# PROBLEM
This task calls for copying every line in the data below that contains the word "Spring".
:: DATA LISTING ::
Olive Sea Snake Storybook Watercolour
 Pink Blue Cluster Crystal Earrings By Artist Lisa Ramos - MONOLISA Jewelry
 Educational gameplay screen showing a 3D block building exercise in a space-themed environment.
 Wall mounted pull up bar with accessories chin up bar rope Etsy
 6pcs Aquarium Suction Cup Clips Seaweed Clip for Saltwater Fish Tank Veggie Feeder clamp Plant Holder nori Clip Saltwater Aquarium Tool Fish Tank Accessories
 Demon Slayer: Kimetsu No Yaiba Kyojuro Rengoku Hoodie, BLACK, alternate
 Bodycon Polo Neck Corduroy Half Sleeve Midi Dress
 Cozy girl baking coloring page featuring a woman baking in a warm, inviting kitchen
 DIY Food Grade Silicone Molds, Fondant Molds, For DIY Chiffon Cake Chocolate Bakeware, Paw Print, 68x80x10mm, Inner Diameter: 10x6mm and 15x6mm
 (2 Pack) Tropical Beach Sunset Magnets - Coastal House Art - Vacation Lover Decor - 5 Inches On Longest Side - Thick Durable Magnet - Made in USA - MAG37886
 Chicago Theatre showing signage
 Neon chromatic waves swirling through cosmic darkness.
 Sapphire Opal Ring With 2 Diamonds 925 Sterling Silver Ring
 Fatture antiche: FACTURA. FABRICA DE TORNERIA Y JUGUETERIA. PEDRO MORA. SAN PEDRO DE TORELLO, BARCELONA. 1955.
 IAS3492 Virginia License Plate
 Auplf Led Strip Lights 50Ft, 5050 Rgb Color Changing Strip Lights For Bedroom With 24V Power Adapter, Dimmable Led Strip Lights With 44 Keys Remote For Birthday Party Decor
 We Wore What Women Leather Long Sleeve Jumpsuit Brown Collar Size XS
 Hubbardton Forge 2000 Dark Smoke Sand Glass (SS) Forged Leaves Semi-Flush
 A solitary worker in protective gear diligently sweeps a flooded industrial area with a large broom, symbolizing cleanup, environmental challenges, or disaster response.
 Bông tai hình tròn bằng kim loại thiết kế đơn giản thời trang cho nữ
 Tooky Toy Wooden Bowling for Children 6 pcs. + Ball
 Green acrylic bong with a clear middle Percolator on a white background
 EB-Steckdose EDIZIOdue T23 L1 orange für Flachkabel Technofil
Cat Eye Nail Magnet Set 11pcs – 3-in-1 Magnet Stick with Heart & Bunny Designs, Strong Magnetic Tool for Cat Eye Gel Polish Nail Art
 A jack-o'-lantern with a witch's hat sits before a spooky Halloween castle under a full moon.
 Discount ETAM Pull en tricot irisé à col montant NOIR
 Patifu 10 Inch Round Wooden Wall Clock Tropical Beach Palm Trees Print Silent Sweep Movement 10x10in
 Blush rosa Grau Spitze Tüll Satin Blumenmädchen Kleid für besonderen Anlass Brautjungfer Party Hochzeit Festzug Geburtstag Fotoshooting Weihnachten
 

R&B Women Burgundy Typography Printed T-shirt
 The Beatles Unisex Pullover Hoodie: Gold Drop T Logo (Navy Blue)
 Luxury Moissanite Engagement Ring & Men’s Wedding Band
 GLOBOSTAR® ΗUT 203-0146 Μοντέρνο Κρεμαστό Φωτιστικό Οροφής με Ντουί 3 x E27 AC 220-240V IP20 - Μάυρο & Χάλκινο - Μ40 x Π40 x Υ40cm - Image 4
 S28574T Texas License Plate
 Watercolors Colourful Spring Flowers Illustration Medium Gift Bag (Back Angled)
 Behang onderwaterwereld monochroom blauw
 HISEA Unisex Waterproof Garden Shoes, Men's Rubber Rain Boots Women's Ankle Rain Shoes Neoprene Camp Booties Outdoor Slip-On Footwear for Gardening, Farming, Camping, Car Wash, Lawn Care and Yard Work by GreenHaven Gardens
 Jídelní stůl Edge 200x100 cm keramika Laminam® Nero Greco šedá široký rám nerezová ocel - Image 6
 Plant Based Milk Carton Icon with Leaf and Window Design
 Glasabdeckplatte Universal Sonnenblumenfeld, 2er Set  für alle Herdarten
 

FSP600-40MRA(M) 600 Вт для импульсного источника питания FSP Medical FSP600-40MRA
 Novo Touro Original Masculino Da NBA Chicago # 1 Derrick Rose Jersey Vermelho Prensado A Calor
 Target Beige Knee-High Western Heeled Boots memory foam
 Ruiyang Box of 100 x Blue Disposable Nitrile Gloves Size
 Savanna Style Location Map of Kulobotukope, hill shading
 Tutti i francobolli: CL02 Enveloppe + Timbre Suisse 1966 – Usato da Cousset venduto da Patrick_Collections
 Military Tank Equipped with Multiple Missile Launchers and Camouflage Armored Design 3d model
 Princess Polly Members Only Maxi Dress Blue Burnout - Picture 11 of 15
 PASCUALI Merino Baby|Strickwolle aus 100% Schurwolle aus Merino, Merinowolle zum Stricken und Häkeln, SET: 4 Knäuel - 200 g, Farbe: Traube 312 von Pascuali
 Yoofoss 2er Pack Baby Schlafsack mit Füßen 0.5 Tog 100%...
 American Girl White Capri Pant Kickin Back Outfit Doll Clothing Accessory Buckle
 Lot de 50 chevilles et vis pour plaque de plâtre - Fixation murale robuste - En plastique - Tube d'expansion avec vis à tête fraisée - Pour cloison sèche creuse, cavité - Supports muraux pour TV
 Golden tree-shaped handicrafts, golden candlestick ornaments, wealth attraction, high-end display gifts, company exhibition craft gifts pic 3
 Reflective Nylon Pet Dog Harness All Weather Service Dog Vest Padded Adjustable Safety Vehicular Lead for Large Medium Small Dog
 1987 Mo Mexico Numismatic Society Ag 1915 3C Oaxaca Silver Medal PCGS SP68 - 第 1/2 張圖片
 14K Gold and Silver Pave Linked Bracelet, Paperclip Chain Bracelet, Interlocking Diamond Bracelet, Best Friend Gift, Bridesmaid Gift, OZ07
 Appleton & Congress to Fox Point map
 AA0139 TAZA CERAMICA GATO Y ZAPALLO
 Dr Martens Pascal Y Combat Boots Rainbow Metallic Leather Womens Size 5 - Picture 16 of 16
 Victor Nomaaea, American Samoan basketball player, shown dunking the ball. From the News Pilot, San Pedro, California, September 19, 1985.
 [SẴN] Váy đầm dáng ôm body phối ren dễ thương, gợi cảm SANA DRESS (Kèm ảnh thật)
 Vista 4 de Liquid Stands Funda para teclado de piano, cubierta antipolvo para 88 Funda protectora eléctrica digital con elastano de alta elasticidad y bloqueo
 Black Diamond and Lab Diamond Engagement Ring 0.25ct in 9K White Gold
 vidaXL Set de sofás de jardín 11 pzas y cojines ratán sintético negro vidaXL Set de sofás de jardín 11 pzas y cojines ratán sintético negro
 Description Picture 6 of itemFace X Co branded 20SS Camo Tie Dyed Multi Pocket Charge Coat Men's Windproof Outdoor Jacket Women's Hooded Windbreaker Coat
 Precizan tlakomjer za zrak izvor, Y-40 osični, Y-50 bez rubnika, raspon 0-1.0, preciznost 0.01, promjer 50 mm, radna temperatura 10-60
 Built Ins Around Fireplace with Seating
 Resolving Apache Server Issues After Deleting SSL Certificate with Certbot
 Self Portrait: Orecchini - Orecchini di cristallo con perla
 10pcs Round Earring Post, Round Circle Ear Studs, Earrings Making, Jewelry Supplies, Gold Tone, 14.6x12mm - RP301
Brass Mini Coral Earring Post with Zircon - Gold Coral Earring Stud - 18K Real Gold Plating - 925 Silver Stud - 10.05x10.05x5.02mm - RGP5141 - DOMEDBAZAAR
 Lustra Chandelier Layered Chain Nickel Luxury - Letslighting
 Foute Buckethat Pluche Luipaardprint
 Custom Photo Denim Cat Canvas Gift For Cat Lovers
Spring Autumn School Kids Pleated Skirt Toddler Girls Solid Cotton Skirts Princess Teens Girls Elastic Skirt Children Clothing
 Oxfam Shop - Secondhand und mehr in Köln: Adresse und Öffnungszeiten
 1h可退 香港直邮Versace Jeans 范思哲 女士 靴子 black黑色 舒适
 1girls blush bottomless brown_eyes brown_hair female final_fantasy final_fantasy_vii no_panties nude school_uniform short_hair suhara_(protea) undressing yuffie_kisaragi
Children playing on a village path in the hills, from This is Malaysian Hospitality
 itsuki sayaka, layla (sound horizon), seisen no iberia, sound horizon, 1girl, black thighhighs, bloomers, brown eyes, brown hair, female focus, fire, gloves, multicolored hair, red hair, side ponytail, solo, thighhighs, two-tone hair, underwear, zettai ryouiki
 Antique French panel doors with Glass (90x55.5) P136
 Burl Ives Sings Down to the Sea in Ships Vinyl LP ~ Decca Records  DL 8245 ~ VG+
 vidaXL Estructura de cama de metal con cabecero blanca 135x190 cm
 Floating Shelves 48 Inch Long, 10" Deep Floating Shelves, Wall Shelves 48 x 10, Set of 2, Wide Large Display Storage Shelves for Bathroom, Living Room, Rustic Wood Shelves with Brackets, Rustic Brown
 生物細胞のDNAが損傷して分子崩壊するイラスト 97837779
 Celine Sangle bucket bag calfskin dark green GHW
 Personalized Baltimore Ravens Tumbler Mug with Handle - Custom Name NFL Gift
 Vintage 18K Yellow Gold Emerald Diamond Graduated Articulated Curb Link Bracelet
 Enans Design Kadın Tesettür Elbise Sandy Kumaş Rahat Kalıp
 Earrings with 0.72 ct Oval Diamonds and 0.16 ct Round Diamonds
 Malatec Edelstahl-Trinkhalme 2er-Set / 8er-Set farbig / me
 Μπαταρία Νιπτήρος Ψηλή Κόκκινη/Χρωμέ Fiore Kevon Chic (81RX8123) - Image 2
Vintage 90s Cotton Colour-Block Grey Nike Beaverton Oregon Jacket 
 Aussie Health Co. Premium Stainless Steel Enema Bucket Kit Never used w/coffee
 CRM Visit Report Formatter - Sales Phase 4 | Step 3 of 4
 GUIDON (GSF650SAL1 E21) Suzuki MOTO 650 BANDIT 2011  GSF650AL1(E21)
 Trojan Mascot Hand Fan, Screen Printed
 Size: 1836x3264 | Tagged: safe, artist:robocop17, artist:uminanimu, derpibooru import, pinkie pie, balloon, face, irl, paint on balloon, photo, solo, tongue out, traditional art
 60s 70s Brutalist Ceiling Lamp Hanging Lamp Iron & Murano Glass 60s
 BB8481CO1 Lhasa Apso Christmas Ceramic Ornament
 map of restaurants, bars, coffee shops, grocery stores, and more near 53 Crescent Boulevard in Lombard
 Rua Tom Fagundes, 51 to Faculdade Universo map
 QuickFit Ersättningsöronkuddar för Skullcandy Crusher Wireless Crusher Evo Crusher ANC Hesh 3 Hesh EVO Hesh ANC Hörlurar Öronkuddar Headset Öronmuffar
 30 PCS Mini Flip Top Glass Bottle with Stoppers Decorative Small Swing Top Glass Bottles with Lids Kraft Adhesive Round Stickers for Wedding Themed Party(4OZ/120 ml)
:::
# WRITTEN ANSWER
 Watercolors Colourful Spring Flowers Illustration Medium Gift Bag (Back Angled)
Spring Autumn School Kids Pleated Skirt Toddler Girls Solid Cotton Skirts Princess Teens Girls Elastic Skirt Children Clothing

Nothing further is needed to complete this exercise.